- _LISTED ENTRIES_:
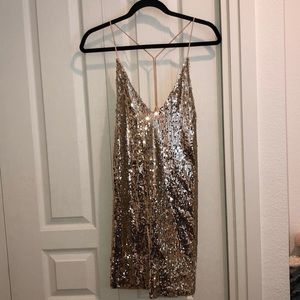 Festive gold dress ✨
---
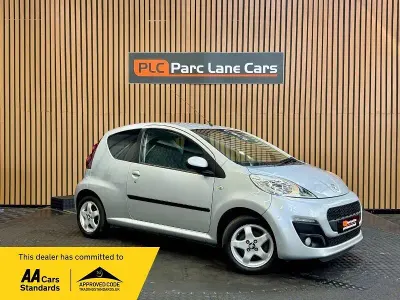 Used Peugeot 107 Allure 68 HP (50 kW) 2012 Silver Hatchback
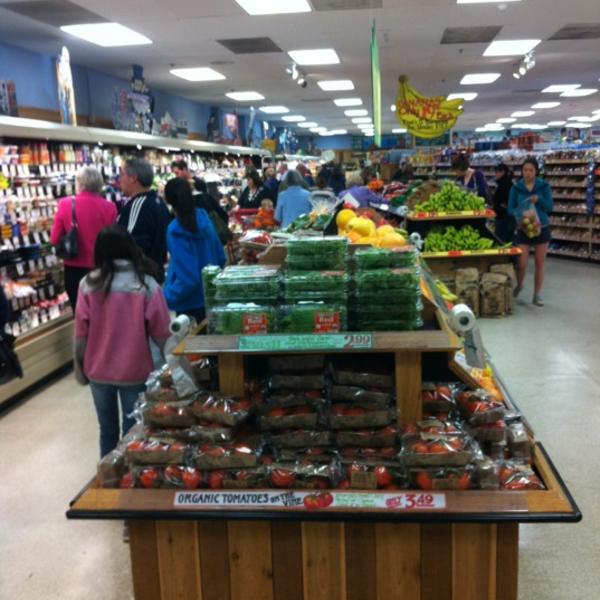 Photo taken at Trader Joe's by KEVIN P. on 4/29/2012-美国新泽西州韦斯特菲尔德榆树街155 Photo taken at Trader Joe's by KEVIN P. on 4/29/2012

- _PROMPT_: Reproduce the entries exactly, from the line with "Used Peugeot 107" to the line with "P. on 4/29/2012-美国新泽西州韦斯特菲尔德榆树街155", both lines included, keeping no pictures.

- _RESPONSE BELOW_:
 Used Peugeot 107 Allure 68 HP (50 kW) 2012 Silver Hatchback
 Photo taken at Trader Joe's by KEVIN P. on 4/29/2012-美国新泽西州韦斯特菲尔德榆树街155 Photo taken at Trader Joe's by KEVIN P. on 4/29/2012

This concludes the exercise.